To implement 3D processing, we convert the third dense block and task-specific heads and investigate several different options for P3DCs, which include inflated 3D (I3D) [3], spatio-temporal 3D (ST-3D) [14], and axial-coronal-sagittal 3D (ACS-3D) [24]. These options are depicted in Fig. 2. I3D [3] simply duplicates 2D kernels along the axial (3D) direction and downscales weight values by the number of duplications. Thus, I3D produces true 3D kernels. ST-3D [14] first reshapes $(c_o,c_i,N,N)$ kernels into $(c_o,c_i,1,N,N)$ to act as “spatial” kernels and introduces an extra $(c_o,c_i,N,1,1)$ kernel as the “temporal” kernel. The resulting features from both are fused using channel-wise concatenation.
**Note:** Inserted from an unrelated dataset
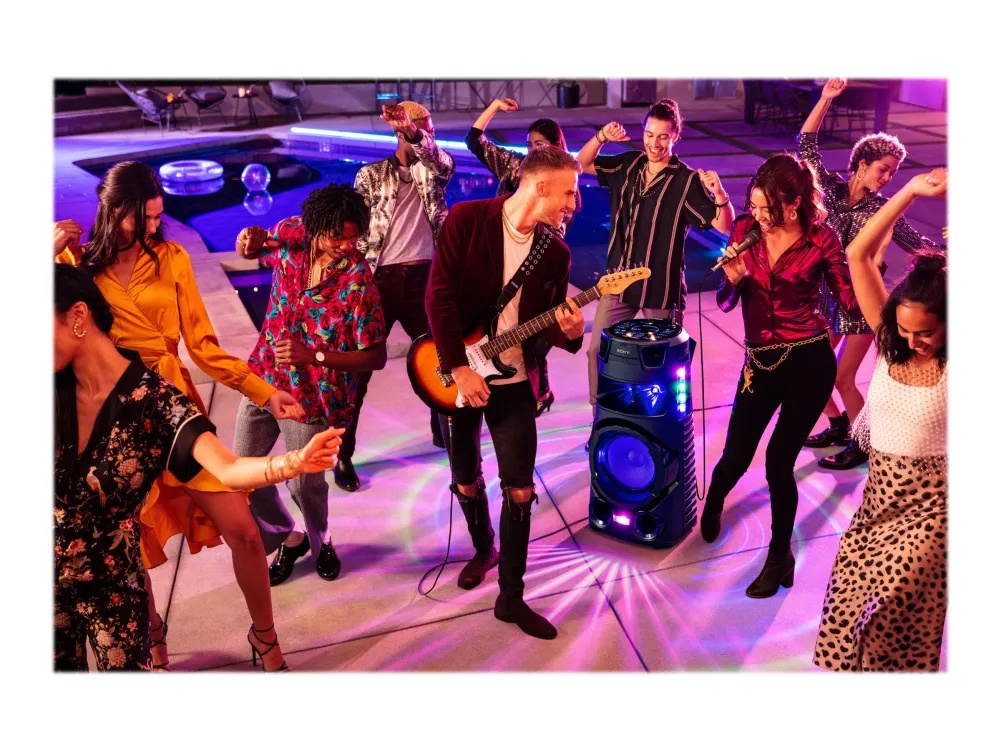 Sony MHC-V73D voimakas partykaiutin CD/DVD-soittimella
There are alternative ST-3D configurations; however, the parallel structure of Fig. 2(c) was shown to be best in a liver segmentation study [27]. ACS-3D [24] splits the kernel $(c_o,c_i,N,N)$ into axial $(c_{oa},c_i,N,N)$, coronal $(c_{oc},c_i,N,N)$, and sagittal $(c_{os},c_i,N,N)$ kernels, where $c_o=c_{oa}+c_{os}+c_{oc}$. Thereafter, it reshapes the view-specific kernels correspondingly into $(c_{oa},c_i,1,N,N)$, $(c_{oc},c_i,N,1,N)$, and $(c_{os},c_i,N,N,1)$. Like ST-3D, ACS-3D fuses the resulting features using channel-wise concatenation. Compared to the extra temporal-kernels introduced by ST-3D, ACS-3D requires no extra model parameters, keeping the converted model light-weight. In our implementation, we empirically set the ratio of $c_{oa}:c_{oc}:c_{os}$ to 8 : 1 : 1 as the axial plane usually holds the highest resolution.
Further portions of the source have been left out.